1.4 Forecasting Data and Methods

The appropriate forecasting methods depends on the kind of data available.

Qualitative Forecasting methods must be used when there is no data available, or if the data are not relevant to the forecasts.

Quantitative Forecasting can be applied when two conditions are satisfied:

Numerical information about the past is available
It’s reasonable to assume that some aspects of the past patterns will continue into the future.

Wide range of quantitative forecasting methods. Most quantitative prediction problems use time-series data.

Time Series Forecasting Examples

Annual profits of a firm
Unemployment data in the US from 1930-2026
Monthly rainfall
Weekly sales
Daily IBM stock
Hourly electricity demand
5-minute freeway traffic counts

The aim of forecasting time series data is to estimate how the sequences of observations will continue into the future. The simplest time series methods use only the information about the variable of interest and do not take into account other factors that might influence its behavior.

Predictor Variables and Time Series Forecasting

A model forecasting the hourly electricity demand with predictor variables might be of the form of an explanatory model:

\[ ED=f(current\_temp, streng\_of\_economy,population,time\_of\_day,day\_of\_week,error) \]

It’s called an explanatory model because it helps explain what causes the variation in electricity demand.

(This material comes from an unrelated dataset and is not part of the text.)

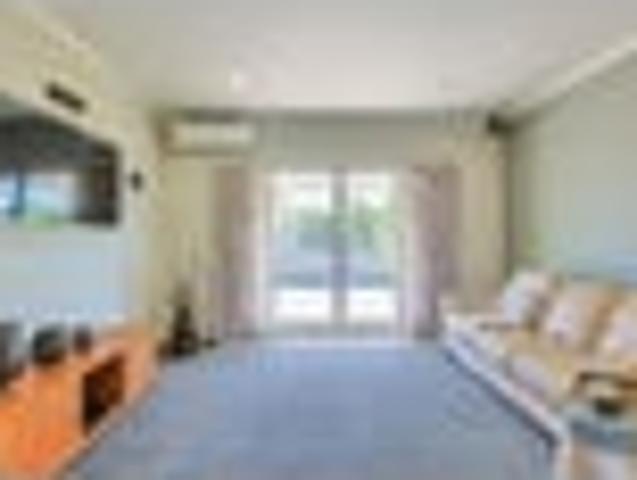 Apartment for sale in Stortford Lodge, Hastings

We could also use a time series model for forecasting since the data is time series where \(t\) is the present hour.:

\[ ED_{t+1}=f(ED_t,ED_{t-1},ED_{t-2},...,error) \]

Here, prediction of the future electricity demand is based on past values of electricity demand but not on external variables that may affect electricity demand. The error term allows for random variation and the effects of relevant variables that are not included in the model.

There is a third type called mixed models which combines the features of the two models above:

\[ ED_{t+1}=f(ED_t, current\_temp,time\_of\_day,day\_of\_week,error) \]

Why use a time-series model to forecast instead of an explanatory model?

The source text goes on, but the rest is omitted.